1.6.1.    The fiduciary standard of conduct flows from the requirement of the fiduciary “to adopt the principal’s goals, objectives, or ends.”[29] “It is what makes fiduciary law unique and separates fiduciaries from other service providers.”[30] As Professor Arthur Laby explained:
As further explained by Professor Laby, “What generally sets the fiduciary apart from other agents or service providers is a core duty, when acting on the principal’s behalf, to adopt the objectives or ends of the principal as the fiduciary’s own.”[32]
1.6.2.    In contrast to arms-length relationships, the law imposes upon one party to some relationships the status of a fiduciary.
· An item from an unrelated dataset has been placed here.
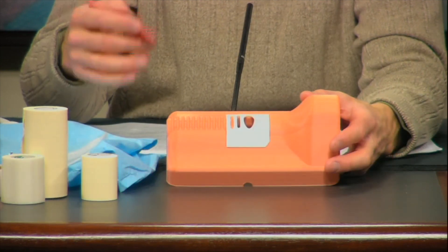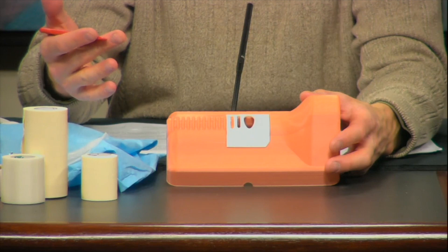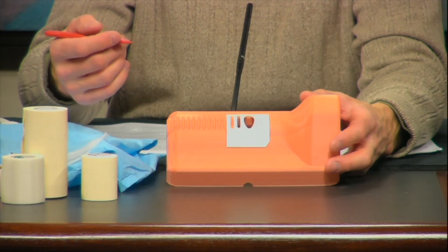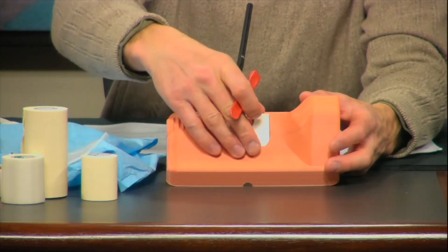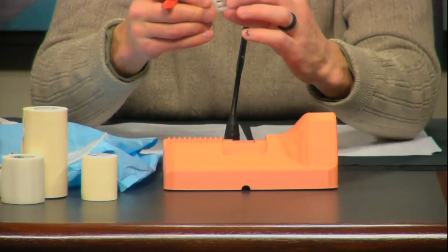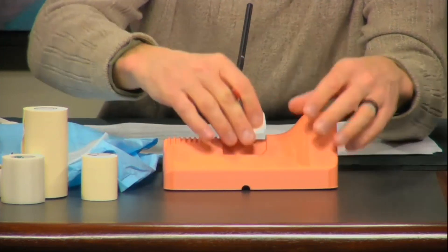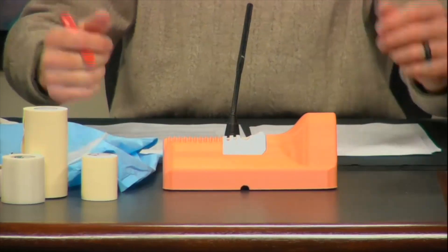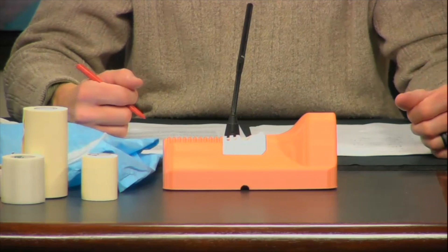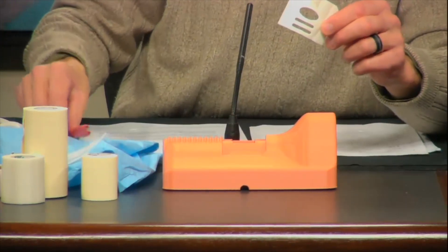Next I will demonstrate how to use this device. The first thing we're going to do is remove the cartilage overlay unit from the neck unit.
This form of relationship is called the “fiduciary relationship” or “fiducial relationship.” One upon whom fiduciary duties are imposed is known as the “fiduciary” and is said to possess “fiduciary status.” The fiduciary standard of conduct is consistently described by the courts as the “highest standard of duty imposed by law.”[33]
1.6.3.    The term "fiduciary" comes to us from Roman law, and means "a person holding the character of a trustee, or a character analogous of a trustee, in respect to the trust and confidence involved in it and the scrupulous good faith and candor which it requires.”[34] Indeed, the Latin root of the word fiduciary – fiduciarius  – means one in whom trust – fiducia - reposes. Legal usage in many jurisdictions also developed an overlay - an implication of a particular relationship of confidence between the fiduciary and those who had placed their trust in that person.
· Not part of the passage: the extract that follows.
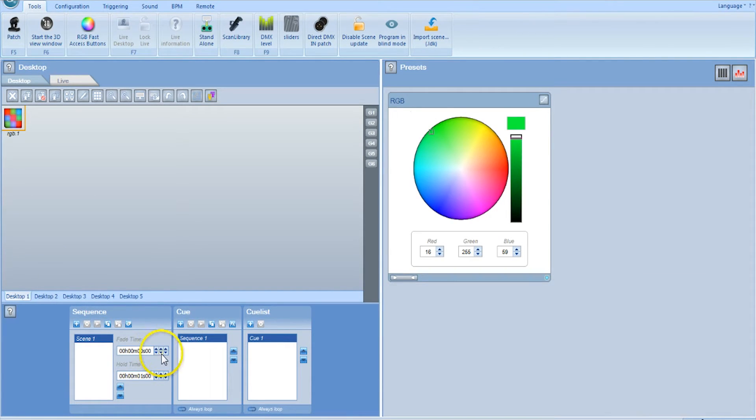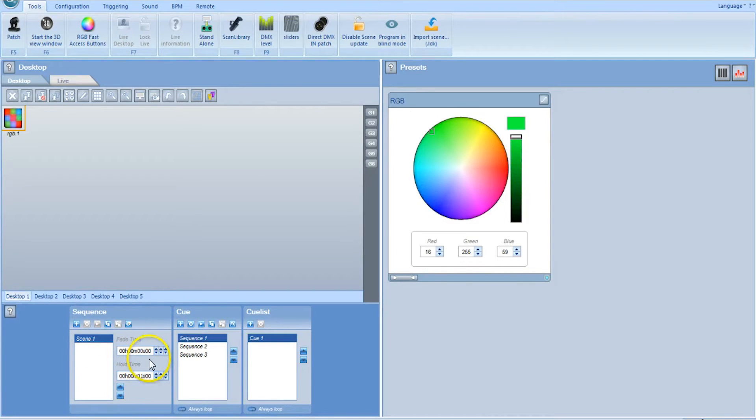Now we're going to click the plus sign for the cues and create a new cue. We have green there, and when we click plus it opens a new one and resets back to default. So we'll do green, yellow, and blue. Now we have green, yellow, and blue — those are your basic presets. Keep in mind you can also create moving effects like color fades and mixes by changing the time codes, hold time, and fade time. But for this demo we're just doing solid colors.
1.6.4.    At the beginning of the nineteenth century, in Gibson, 31 Eng. Rep. 1044 (1801), the court, while explaining the decision to rescind the sale of an annuity by an attorney to his client, announced that “[one] who bargains in matter of advantage with a person placing confidence in him is bound to sh[o]w, that a reasonable use has been made of that confidence; a rule applying to trustees, attorneys or anyone else.” The courts eventually settled on “fiduciary” to denominate relationships of trust and confidence and denominated the doctrine (applied in Gibson) regulating these confidential relationships as “constructive fraud.” By the mid-nineteenth century, the doctrine of constructive fraud was said to arise from some peculiar confidential or fiduciary relation between the parties.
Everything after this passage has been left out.